• Data supplied:

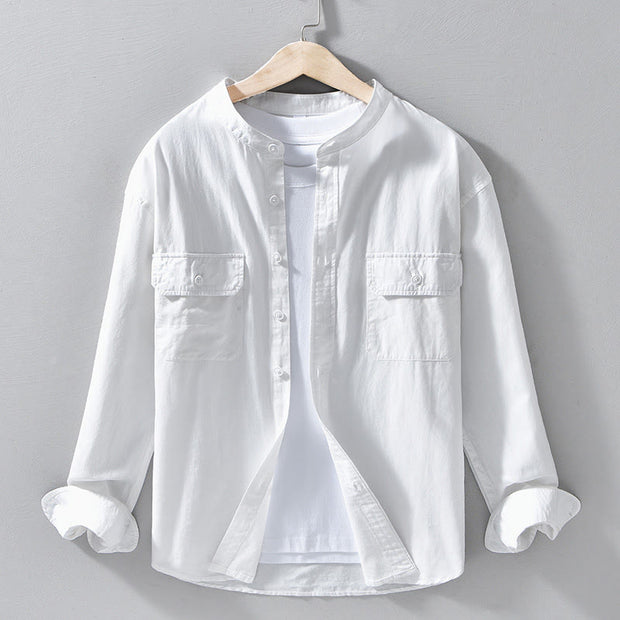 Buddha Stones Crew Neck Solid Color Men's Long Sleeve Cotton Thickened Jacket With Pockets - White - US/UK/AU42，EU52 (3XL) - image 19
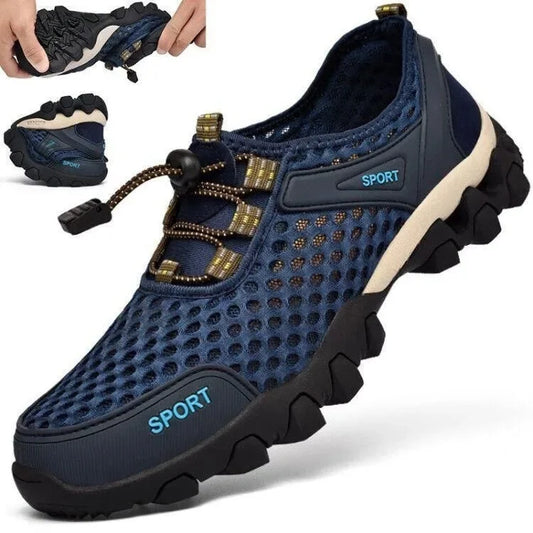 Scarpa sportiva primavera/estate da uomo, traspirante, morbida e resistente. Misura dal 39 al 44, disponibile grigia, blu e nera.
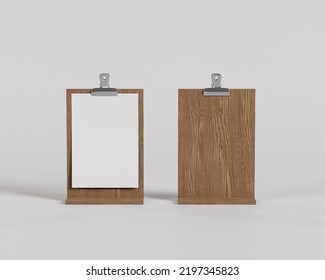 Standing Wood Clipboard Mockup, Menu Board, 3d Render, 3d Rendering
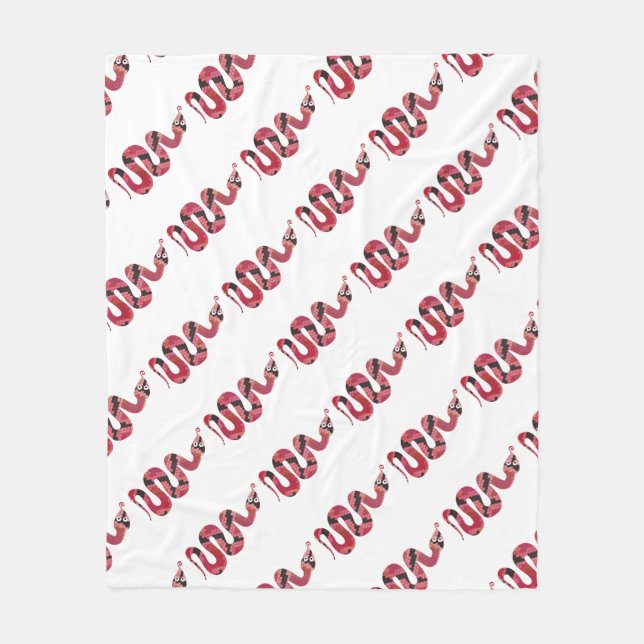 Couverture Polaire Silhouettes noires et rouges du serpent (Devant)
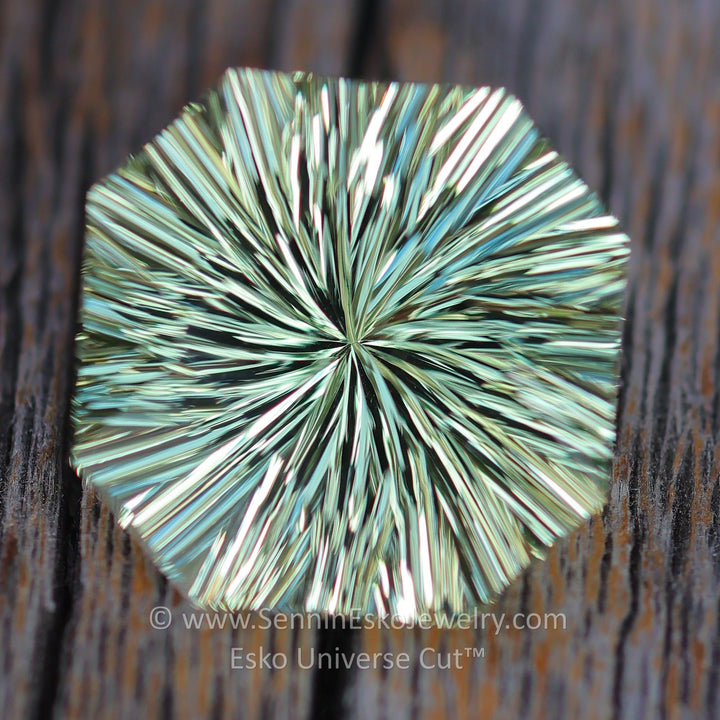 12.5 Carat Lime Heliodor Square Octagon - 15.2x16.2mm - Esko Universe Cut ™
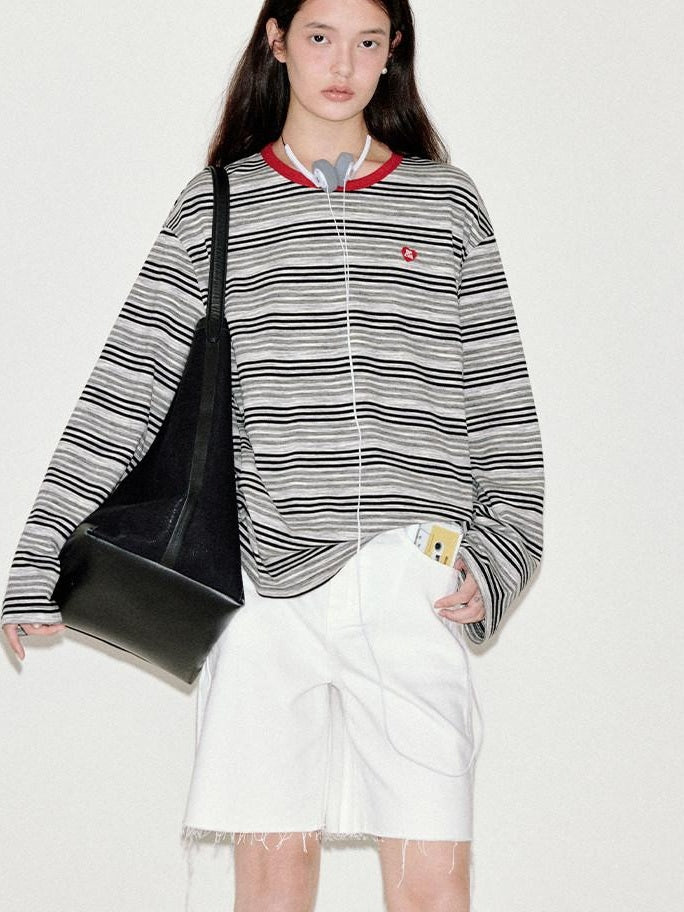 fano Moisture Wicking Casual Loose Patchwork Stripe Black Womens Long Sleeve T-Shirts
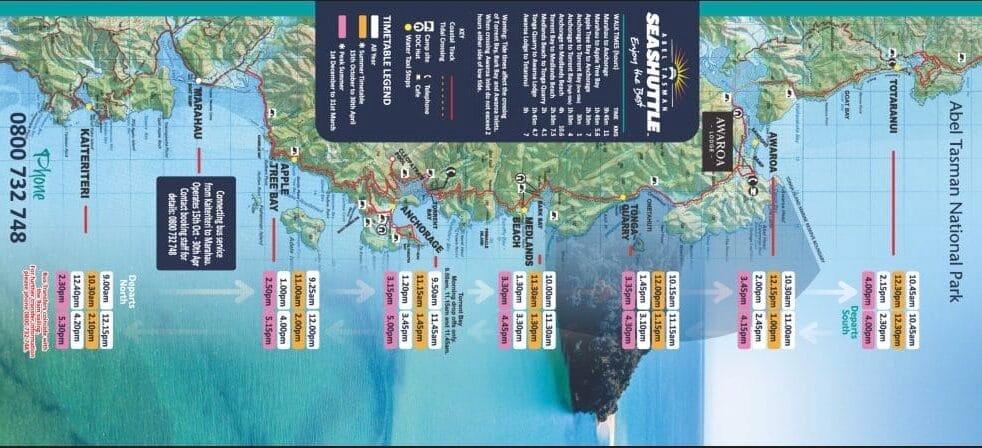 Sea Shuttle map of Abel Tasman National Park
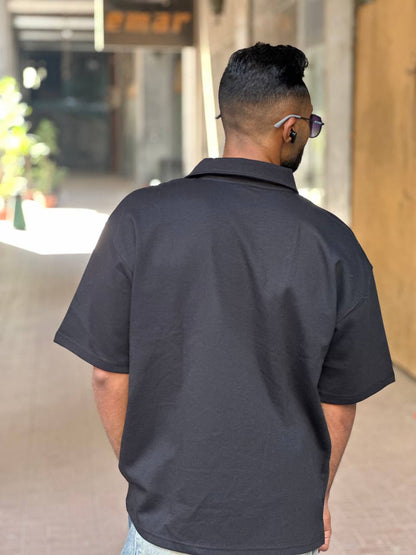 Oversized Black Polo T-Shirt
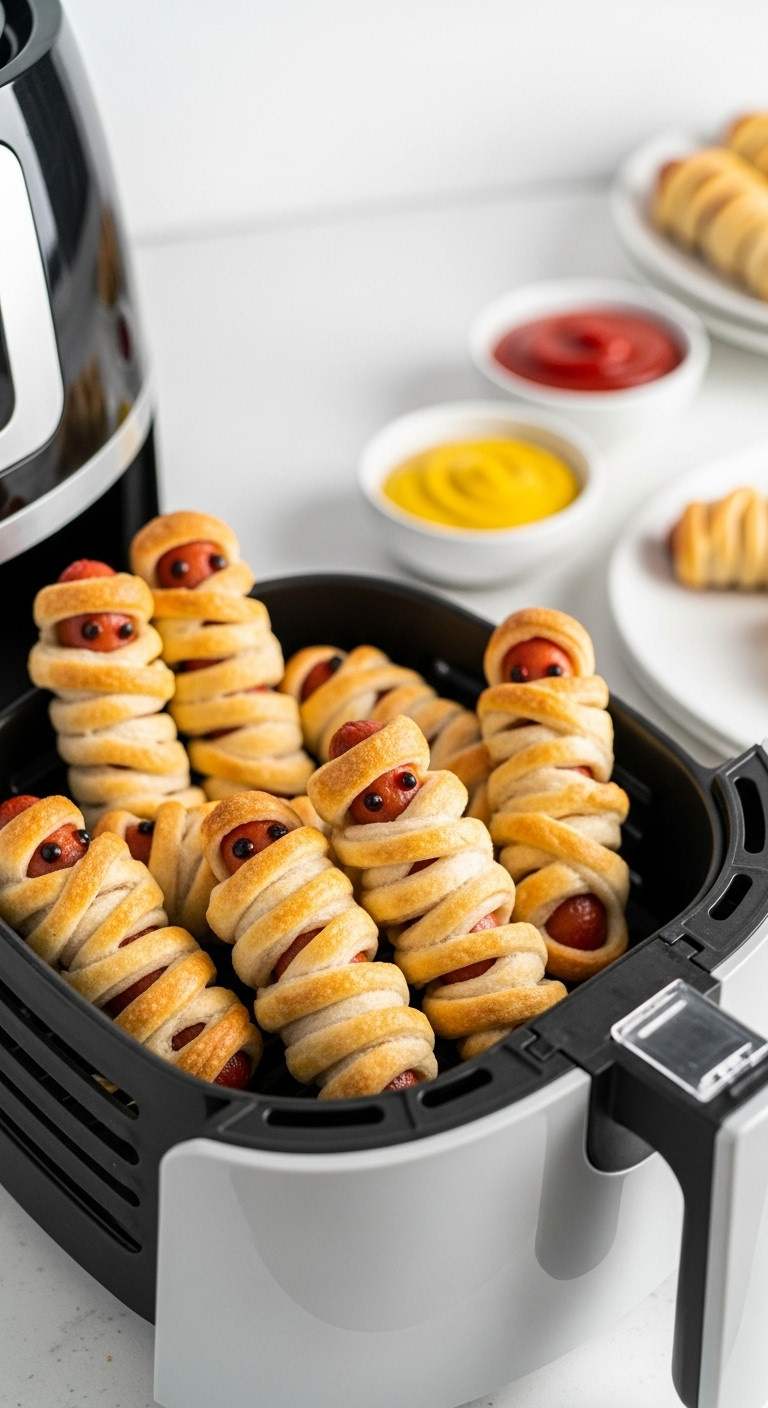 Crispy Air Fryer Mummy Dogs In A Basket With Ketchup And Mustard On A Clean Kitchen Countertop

• The task: From the listing above, repeat only the lines between the line containing "Standing Wood Clipboard" and the line containing "Oversized Black Polo T-Shirt", those two included. Pictures are not part of the copy.

• Exercise output:
 Standing Wood Clipboard Mockup, Menu Board, 3d Render, 3d Rendering
 Couverture Polaire Silhouettes noires et rouges du serpent (Devant)
 12.5 Carat Lime Heliodor Square Octagon - 15.2x16.2mm - Esko Universe Cut ™
 fano Moisture Wicking Casual Loose Patchwork Stripe Black Womens Long Sleeve T-Shirts
 Sea Shuttle map of Abel Tasman National Park
 Oversized Black Polo T-Shirt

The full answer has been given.